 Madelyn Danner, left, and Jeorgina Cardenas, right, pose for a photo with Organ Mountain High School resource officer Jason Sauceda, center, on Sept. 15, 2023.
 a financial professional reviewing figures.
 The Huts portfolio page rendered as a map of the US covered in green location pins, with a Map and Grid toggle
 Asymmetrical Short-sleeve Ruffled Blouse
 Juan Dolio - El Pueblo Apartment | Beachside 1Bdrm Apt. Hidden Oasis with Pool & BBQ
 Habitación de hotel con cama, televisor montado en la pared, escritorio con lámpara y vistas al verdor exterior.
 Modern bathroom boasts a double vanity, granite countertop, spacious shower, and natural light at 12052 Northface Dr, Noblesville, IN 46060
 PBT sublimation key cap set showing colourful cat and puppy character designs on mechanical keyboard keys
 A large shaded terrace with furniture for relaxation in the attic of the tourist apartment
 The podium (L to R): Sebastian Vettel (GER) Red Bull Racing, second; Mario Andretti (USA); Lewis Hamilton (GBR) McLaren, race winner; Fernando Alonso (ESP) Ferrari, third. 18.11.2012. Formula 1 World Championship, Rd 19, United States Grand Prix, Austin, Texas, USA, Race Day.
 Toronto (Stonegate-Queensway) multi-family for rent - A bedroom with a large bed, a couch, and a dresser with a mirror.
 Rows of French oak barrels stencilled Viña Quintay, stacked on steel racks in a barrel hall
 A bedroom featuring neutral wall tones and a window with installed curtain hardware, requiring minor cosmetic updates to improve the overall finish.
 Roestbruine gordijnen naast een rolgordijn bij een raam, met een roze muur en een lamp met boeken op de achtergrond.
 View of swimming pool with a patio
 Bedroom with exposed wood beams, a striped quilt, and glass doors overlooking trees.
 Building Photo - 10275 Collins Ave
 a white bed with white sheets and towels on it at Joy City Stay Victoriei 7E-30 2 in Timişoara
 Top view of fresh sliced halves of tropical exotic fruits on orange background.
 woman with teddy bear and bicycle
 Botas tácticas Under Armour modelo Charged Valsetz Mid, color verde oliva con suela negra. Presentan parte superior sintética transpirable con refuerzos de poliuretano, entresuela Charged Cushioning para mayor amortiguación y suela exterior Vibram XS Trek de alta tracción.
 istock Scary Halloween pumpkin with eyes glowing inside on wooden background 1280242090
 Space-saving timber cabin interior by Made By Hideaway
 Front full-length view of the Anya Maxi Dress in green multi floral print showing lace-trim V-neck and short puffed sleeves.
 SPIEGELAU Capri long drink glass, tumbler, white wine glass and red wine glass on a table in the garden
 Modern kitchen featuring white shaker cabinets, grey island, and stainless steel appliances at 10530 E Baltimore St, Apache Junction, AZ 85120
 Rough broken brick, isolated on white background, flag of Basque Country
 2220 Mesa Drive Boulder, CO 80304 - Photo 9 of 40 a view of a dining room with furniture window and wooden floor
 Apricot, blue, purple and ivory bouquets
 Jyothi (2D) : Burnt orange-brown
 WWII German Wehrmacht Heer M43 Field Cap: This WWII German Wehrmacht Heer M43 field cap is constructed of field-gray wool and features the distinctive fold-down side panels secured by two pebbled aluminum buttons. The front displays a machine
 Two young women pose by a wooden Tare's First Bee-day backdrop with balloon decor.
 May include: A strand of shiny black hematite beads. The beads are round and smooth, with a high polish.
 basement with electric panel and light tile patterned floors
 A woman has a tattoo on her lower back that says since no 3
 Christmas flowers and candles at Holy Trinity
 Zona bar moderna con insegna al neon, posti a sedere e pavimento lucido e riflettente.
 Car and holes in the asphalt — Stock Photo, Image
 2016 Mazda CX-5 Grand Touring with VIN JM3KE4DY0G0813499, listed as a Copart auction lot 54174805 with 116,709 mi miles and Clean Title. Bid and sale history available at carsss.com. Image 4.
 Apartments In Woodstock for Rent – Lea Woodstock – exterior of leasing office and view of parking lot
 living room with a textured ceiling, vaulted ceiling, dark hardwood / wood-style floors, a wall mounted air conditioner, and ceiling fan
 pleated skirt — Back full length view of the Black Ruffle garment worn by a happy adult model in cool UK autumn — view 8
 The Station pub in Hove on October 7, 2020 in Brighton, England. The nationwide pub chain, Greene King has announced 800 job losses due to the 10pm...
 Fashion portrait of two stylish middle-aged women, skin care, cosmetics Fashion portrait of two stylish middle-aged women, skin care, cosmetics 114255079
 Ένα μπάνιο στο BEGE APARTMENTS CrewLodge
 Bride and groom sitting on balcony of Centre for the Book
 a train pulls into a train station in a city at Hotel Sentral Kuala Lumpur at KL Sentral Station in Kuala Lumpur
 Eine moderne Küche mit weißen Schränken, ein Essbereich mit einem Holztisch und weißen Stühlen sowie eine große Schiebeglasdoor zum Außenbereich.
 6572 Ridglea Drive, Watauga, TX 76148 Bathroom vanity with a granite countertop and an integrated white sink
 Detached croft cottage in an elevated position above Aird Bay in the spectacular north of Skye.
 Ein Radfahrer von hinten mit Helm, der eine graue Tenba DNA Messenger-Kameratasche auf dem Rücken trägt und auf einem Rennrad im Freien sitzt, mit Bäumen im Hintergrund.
• • • • • • •
### Brief
In the entries above, find the line holding "Roestbruine gordijnen naast" and the line holding "Botas tácticas Under", then retype exactly those two lines and every line between them, and nothing else.

### Reply
 Roestbruine gordijnen naast een rolgordijn bij een raam, met een roze muur en een lamp met boeken op de achtergrond.
 View of swimming pool with a patio
 Bedroom with exposed wood beams, a striped quilt, and glass doors overlooking trees.
 Building Photo - 10275 Collins Ave
 a white bed with white sheets and towels on it at Joy City Stay Victoriei 7E-30 2 in Timişoara
 Top view of fresh sliced halves of tropical exotic fruits on orange background.
 woman with teddy bear and bicycle
 Botas tácticas Under Armour modelo Charged Valsetz Mid, color verde oliva con suela negra. Presentan parte superior sintética transpirable con refuerzos de poliuretano, entresuela Charged Cushioning para mayor amortiguación y suela exterior Vibram XS Trek de alta tracción.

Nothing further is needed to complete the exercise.